I still get questions occasionally so I’m writing this up hoping others will find it useful.

This is a high level explanation of how it works;

  1. We capture the scene from multiple angles to render targets (front, left, right, top, bottom)
  2. We display those render targets onto the sides of a cube that has been distorted into the shape of a sphere.
  3. We put a camera in the middle of the cube-sphere which is what the player actually sees out of

Here is the capture array:

Then you have a spherized cube which you apply the render targets to (textures here are for debug, in-game each side would be displaying a render target):

The camera in the center of the cube-sphere is what the player actually sees from. How you choose to actually set this up so that the player can see out of it is up to you. In my case, I made the cube-sphere a separate actor and then attached it to the player camera at runtime. So essentially the player was running around with the sphere-cube stuck to it. I don’t recommend this as the cube-sphere can clip through the level geometry, but it worked well enough at the time.

The position of the camera determines the “FOV”, the closer the camera is to the “front” side, the narrower the FOV will be.

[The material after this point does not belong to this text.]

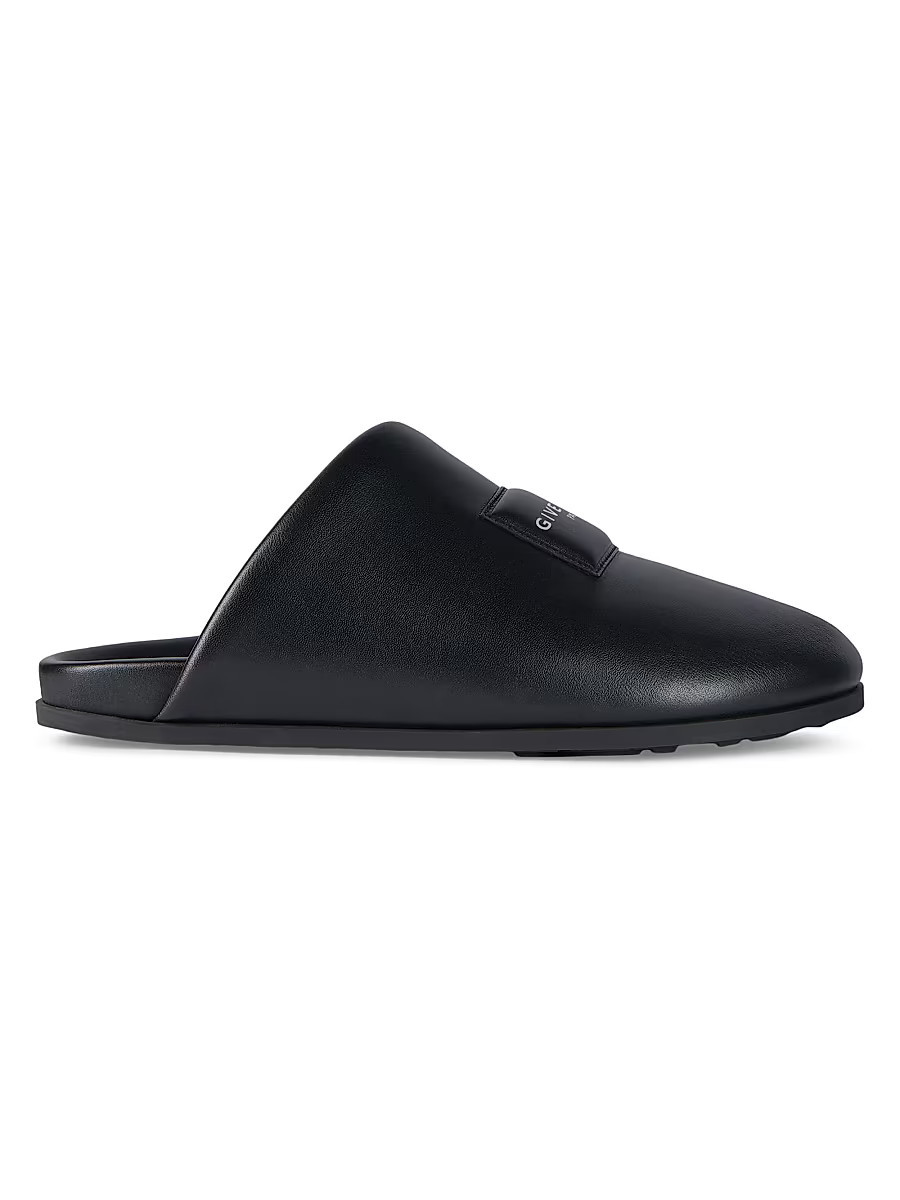 Men's Label Flat Mules in Nappa Leather - Black - Size 13 | Saks Fifth Avenue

Here’s how I modeled a “cube side” in Blender:

Some things you’ll want to keep in mind:

  1. You will encounter problems you need to figure out how to work around. Unreal was not designed to be used like this.
  2. Set your render targets to clamped. This will avoid seams from texture sampling.
  3. Do your exposure and color grading in the main camera, not the render targets.
  4. Most screenspace effects will have varying degrees of visible seams, there’s no way to avoid this as this is essentially just a collection of isolated render targets, the frame buffers are not merged so screenspace effects have no information from the other render targets. The worst example of this is screenspace reflections, which look extremely bad…
  5. When I tried this in UE5 there was extreme blurring every time the camera moved. I’m not sure if this is due to a change in some default settings or an actual issue with UE5. I suspect it’s either caused by the temporal super-resolution or motion blur, but I’m not sure.
  6. I wouldn’t expect this to work with Lumen with screen traces enabled. If you disable screen traces, it might work… maybe…
  7. Should go without saying but this method comes with a high performance cost. You can mitigate this somewhat by ensuring your render target resolution is set to something reasonably low.
  8. Again this should be obvious, but make sure your cube-sphere has enough subdivisions, the quality of the curvature is directly determined by the amount of geometry.